Activity |
Set down the line containing "Used 2023 Chrysler" and each line after it through the last line of the records, exactly, leaving pictures out.

Brief descriptive captions:
------------------------------------------------
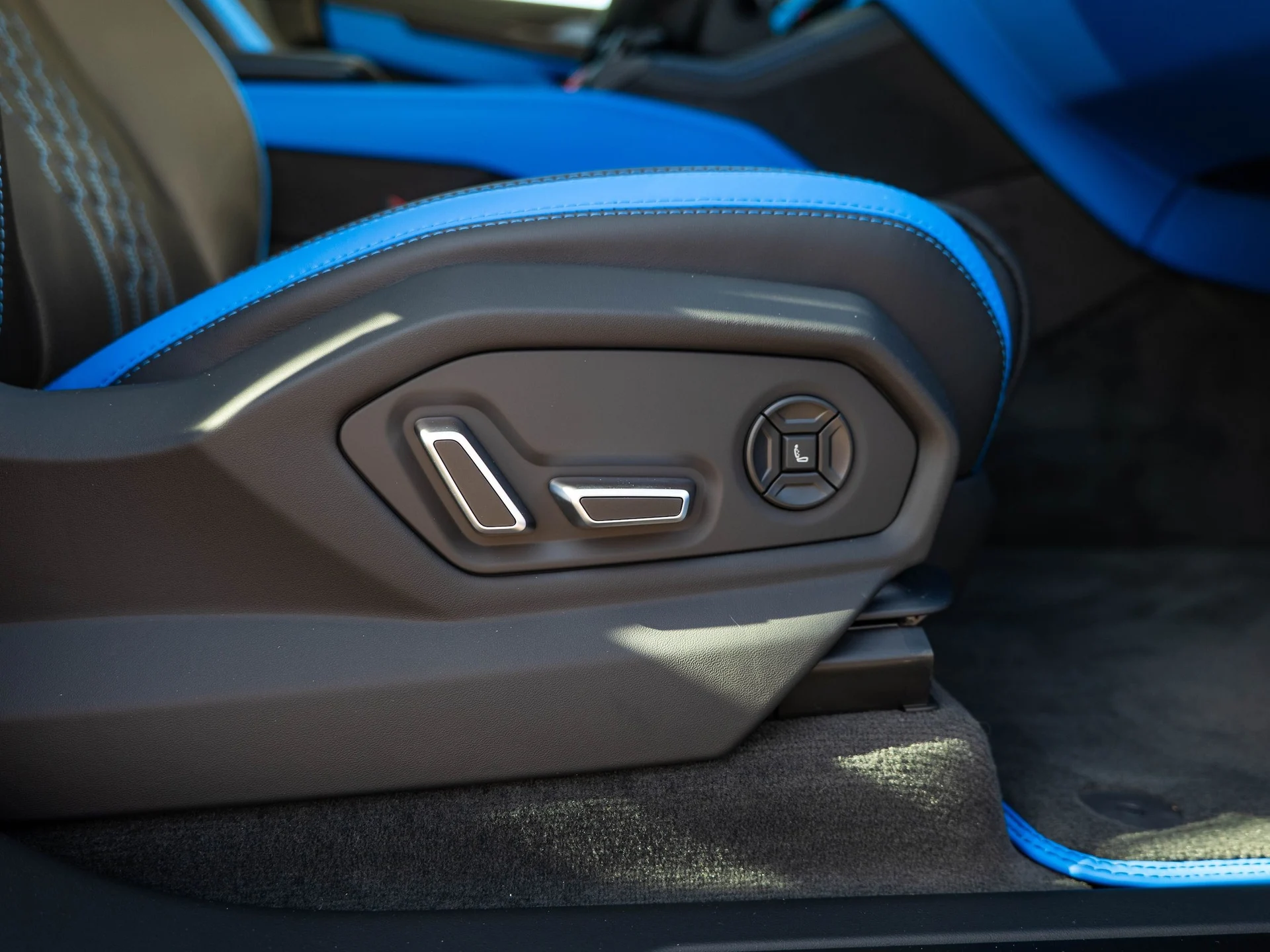 mph028_2614040463_9a5dcbc6e254415a9ce09f8da095f4d1_9e07e13e3b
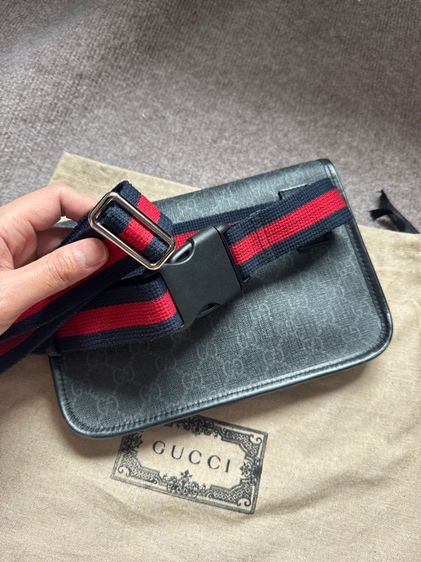GUCCI GG SUPREME BLACK BELT BAG รูปที่ 10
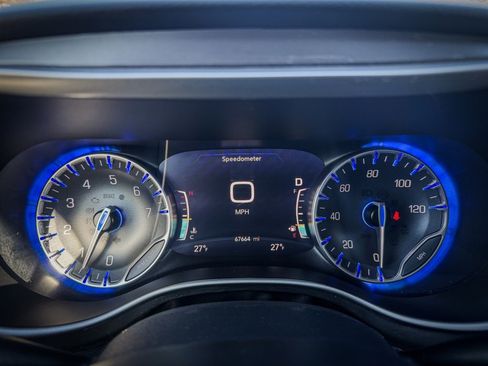 Used 2023 Chrysler Pacifica Touring-L image 16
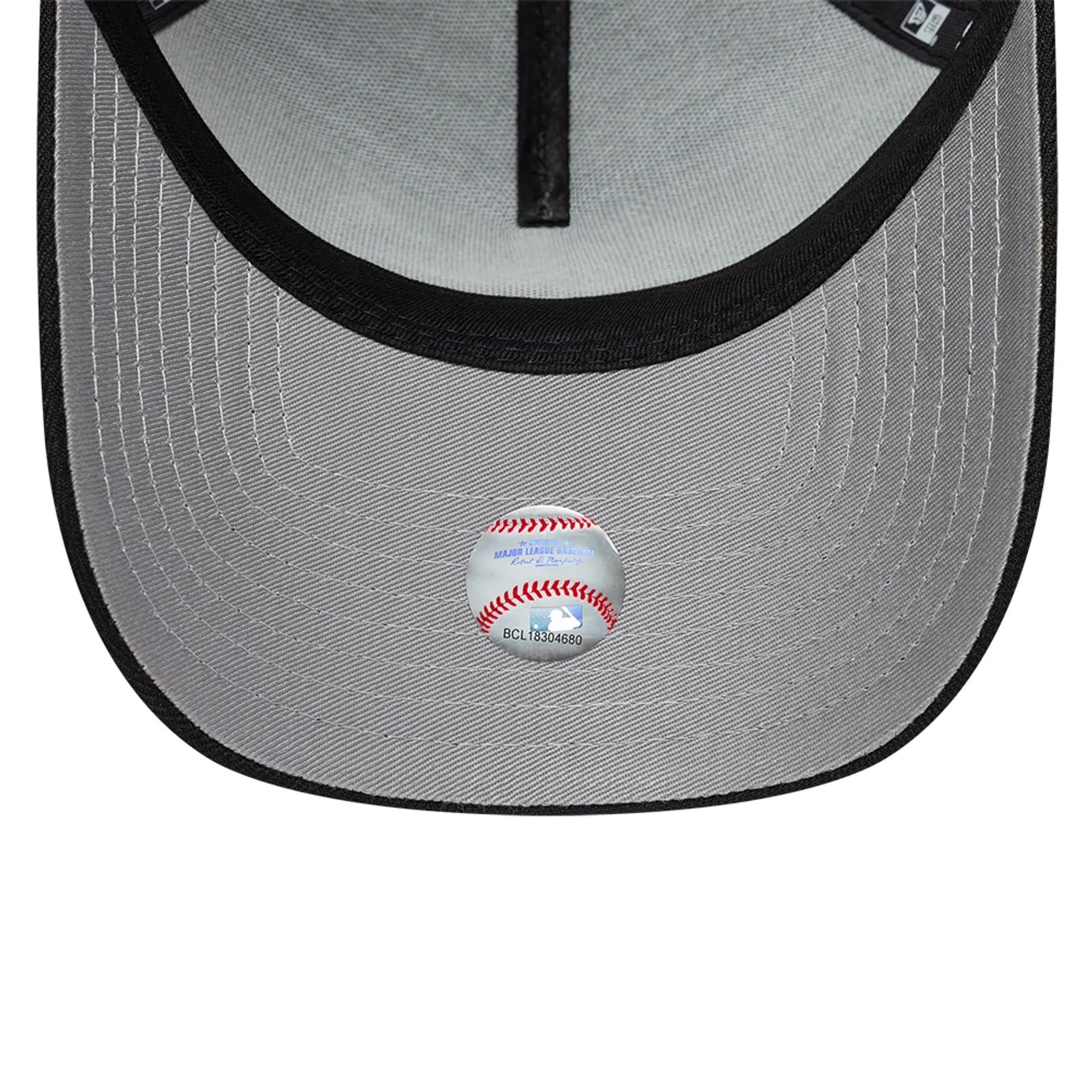 Pictured is this MLB New York Mets 9FORTY A-Frame cap in black. 2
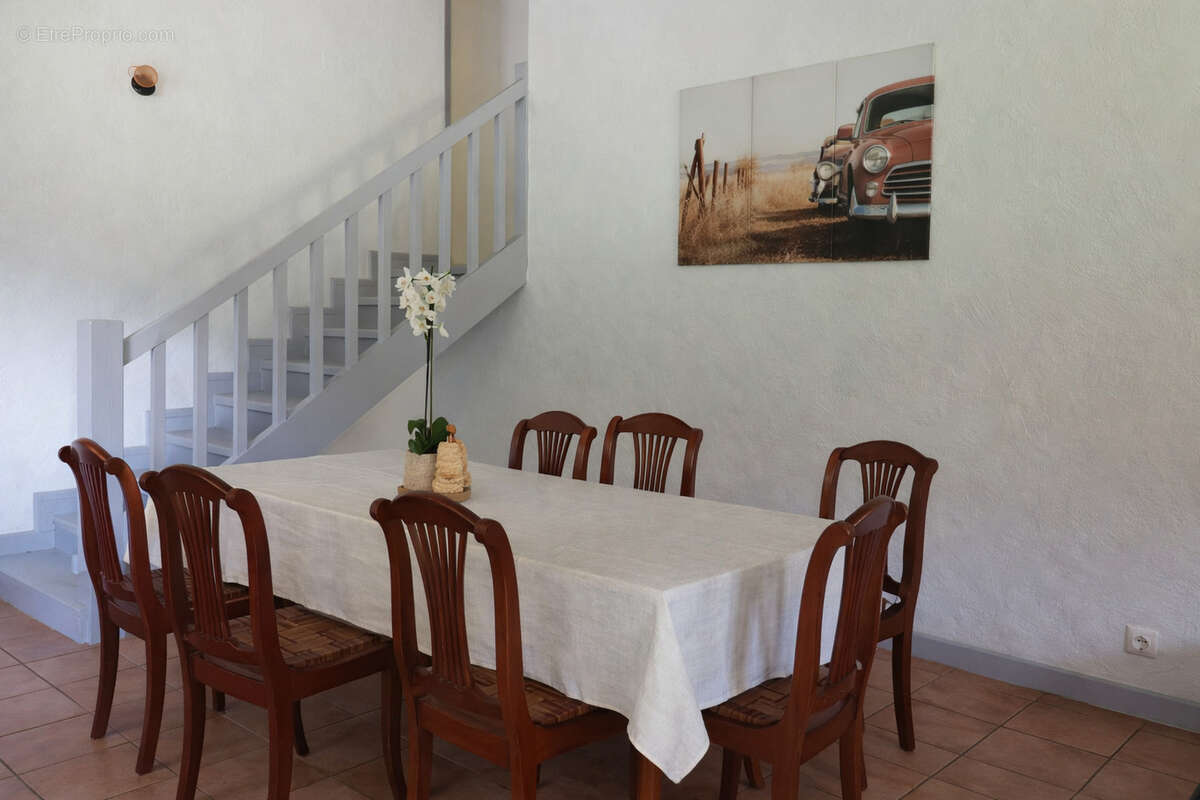 Maison à LARRIBAR-SORHAPURU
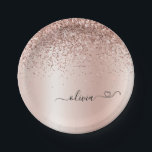 Rose Gold - Rosa Rosa Glitzer Metal Monogramm Name Pappteller<br><div class="desc">Rose Gold - Rosa Imitat Pinsel Glitzer aus Metall gebürsteter Monogramm Name und Initial mit kursiven Party Tellern. Das macht den perfekten 16 Geburtstag,  Hochzeit,  Brautparty,  Jubiläum,  Babydusche oder Junggeselinnen-Abschied Geschenk für jemanden,  der Lieben glamourösen Luxus und schicke Stile.</div>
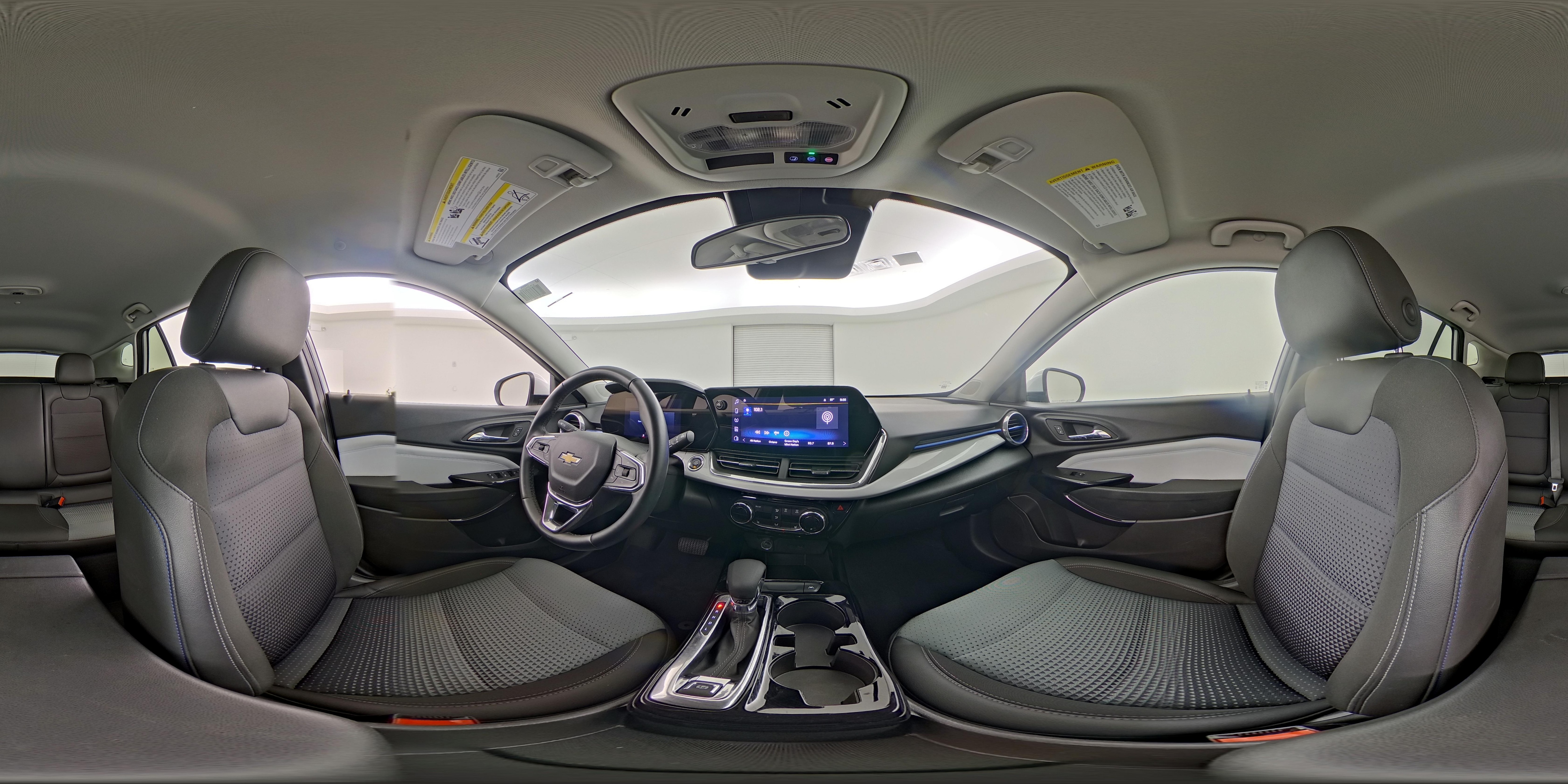 2025 Chevrolet Trax LT - Photo 24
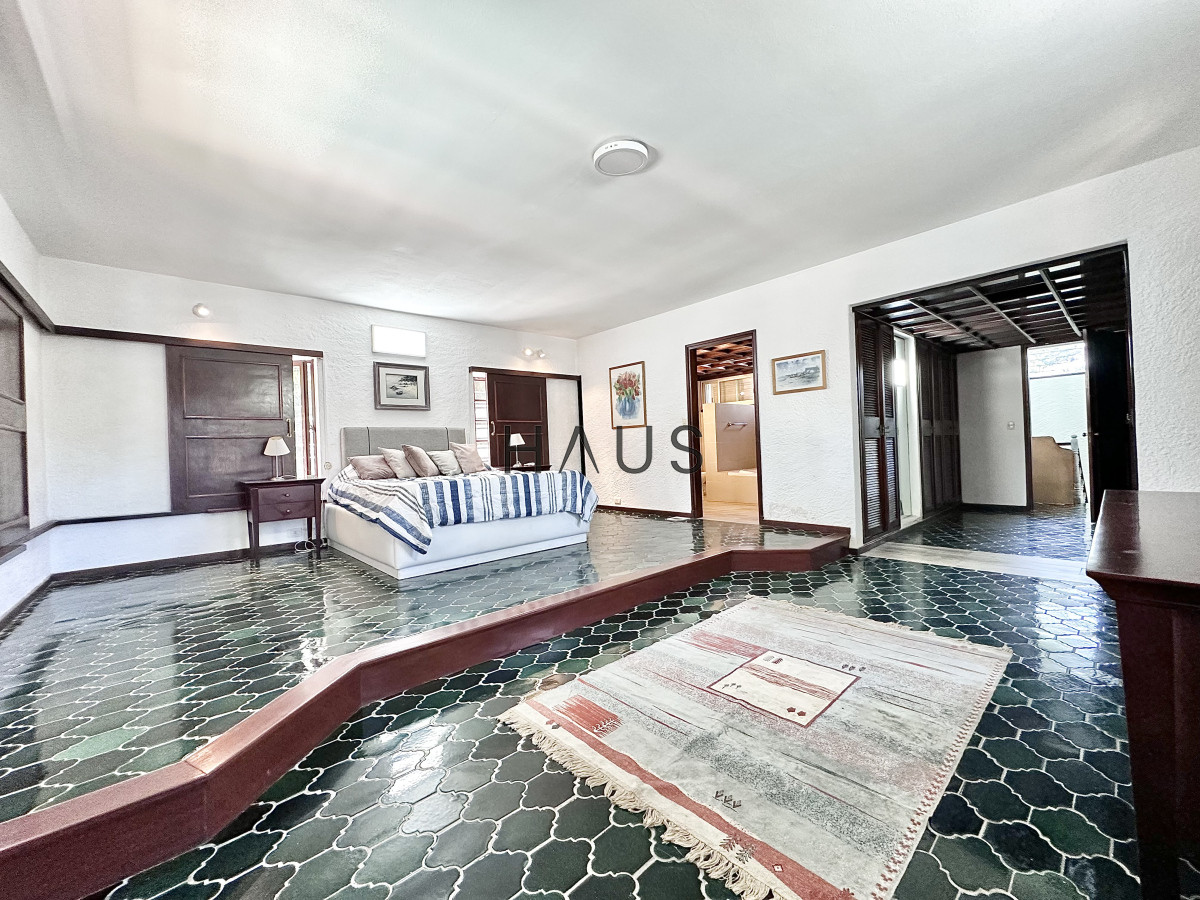 Casa ID.267 - Casa Venta 5 dormitorios Cantegril Punta del Este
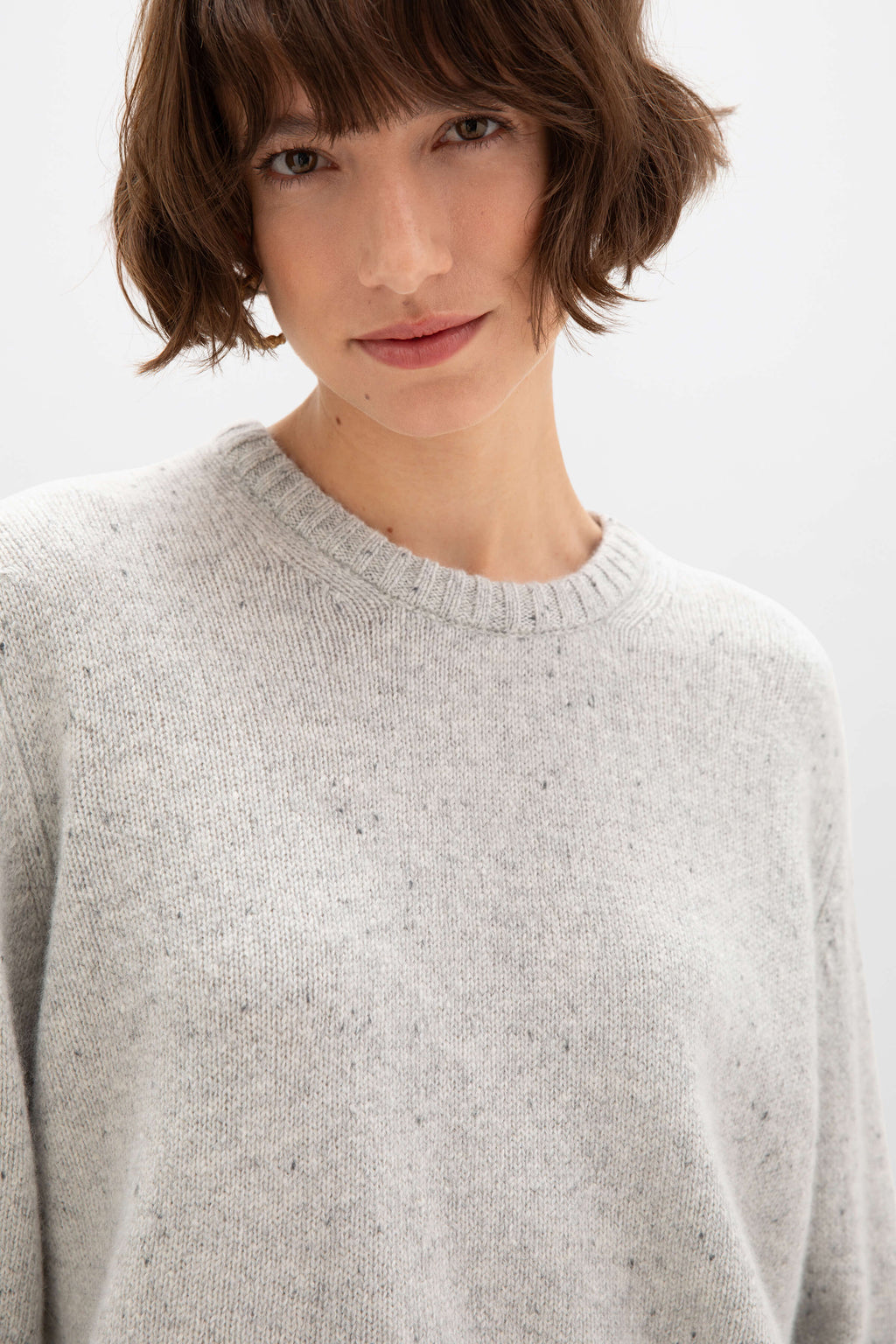 Cropped Donegal Pale Grey Cashmere Jumper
------------------------------------------------
Answer for this exercise |
 Used 2023 Chrysler Pacifica Touring-L image 16
 Pictured is this MLB New York Mets 9FORTY A-Frame cap in black. 2
 Maison à LARRIBAR-SORHAPURU
 Rose Gold - Rosa Rosa Glitzer Metal Monogramm Name Pappteller<br><div class="desc">Rose Gold - Rosa Imitat Pinsel Glitzer aus Metall gebürsteter Monogramm Name und Initial mit kursiven Party Tellern. Das macht den perfekten 16 Geburtstag,  Hochzeit,  Brautparty,  Jubiläum,  Babydusche oder Junggeselinnen-Abschied Geschenk für jemanden,  der Lieben glamourösen Luxus und schicke Stile.</div>
 2025 Chevrolet Trax LT - Photo 24
 Casa ID.267 - Casa Venta 5 dormitorios Cantegril Punta del Este
 Cropped Donegal Pale Grey Cashmere Jumper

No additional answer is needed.